Opinia użytkownika: EZKB
Dotycząca firmy: Carrefour
Treść opinii: Dzisiaj wybrałam się na zakupy do lubelskiego hipermarketu Carrefour. Sklep sprawia miłe wrażenie, rozmieszczenie towaru jest w miarę logiczne, duża przestrzeń pozwala na swobodne przemieszczanie się pomiędzy półkami. Miło było popatrzeć na ekspozycje stoiska warzywa - owoce, tam po prostu półki i regały uginały się od towaru, widać było pracujących, wciąż dokładających towar pracowników. Gorzej sytuacja przedstawiała się na nabiale.Tam był kiepski wybór serków homogenizowanych i kefiru. Praktycznie stały jakieś ostatnie sztuki tego asortymentu. Jednak ciekawsza rzecz przytrafiła mi się na stoisku ze słodyczami a konkretnie z cukierkami czekoladowymi na wagę. W sklepie tym można wybrać dostępne przy wadze słodycze i analogicznie jak na stoisku z owocami - zważyć je i należność uiścić w kasie. Gdy już wybrałam słodycze, okazało się że waga jest niesprawna. Rozpoczęłam poszukiwania pracownika, ale bez efektu. Pomyślałam, iż być może sytuacja jest znana kierownictwu marketu i problem rozwiąże się przy kasie. I tutaj był mój błąd. Gdy podeszłam do kasy, pan obsługujący ( młody człowiek, bardzo opryskliwy i traktujący Klientów jak stado owieczek - a przyjrzałam się uważnie obsłudze ) kasę powiedział że cukierków nie może mi sprzedać ponieważ nie mają kodu i schował je najzwyczajniej w świecie pod kasę. Na mój protest i informację że zepsuta jest waga przy cukierkach, odpowiedział: że jego nic nie obchodzi co się dzieje na stoisku - teraz jesteśmy "na kasach" i mogę albo iść i szukać kogoś kto mi na nie naklei kod albo zapłacić za zakupy.

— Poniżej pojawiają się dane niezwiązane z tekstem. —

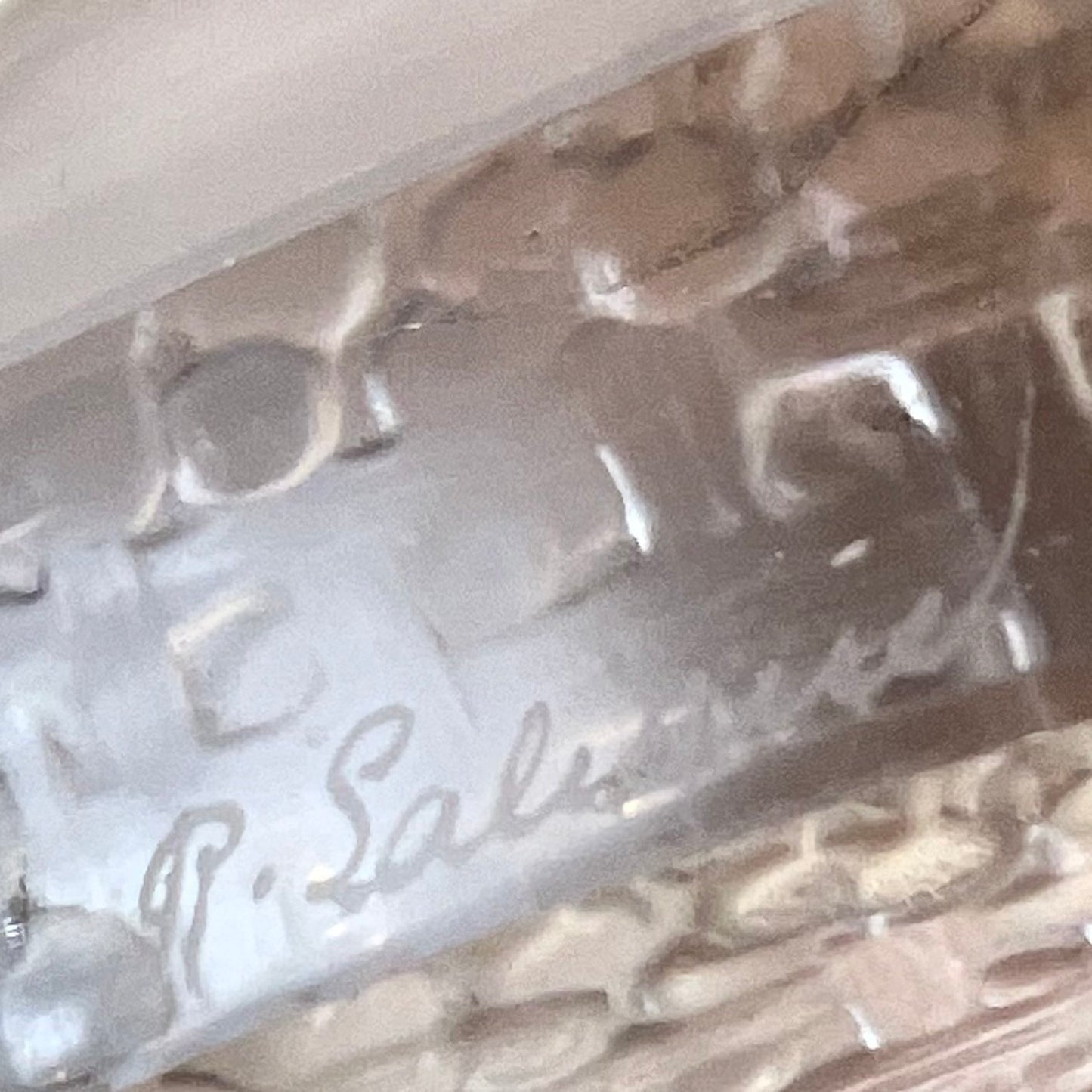 Estate René Lalique “Basket Weave” Menu Holders in Molded Glass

Pozytywne wrażenie jakie odniosłam wchodząc do sklepu na zakończenie wizyty popsuł pan obsługujący kasę. Jego zachowanie i opryskliwość sprawiała wrażenie jakby pracował z wielką łaską i za karę. Proponuje przyjrzeć się takim pracownikom - z niewolnika nie ma pracownika. Szkoda.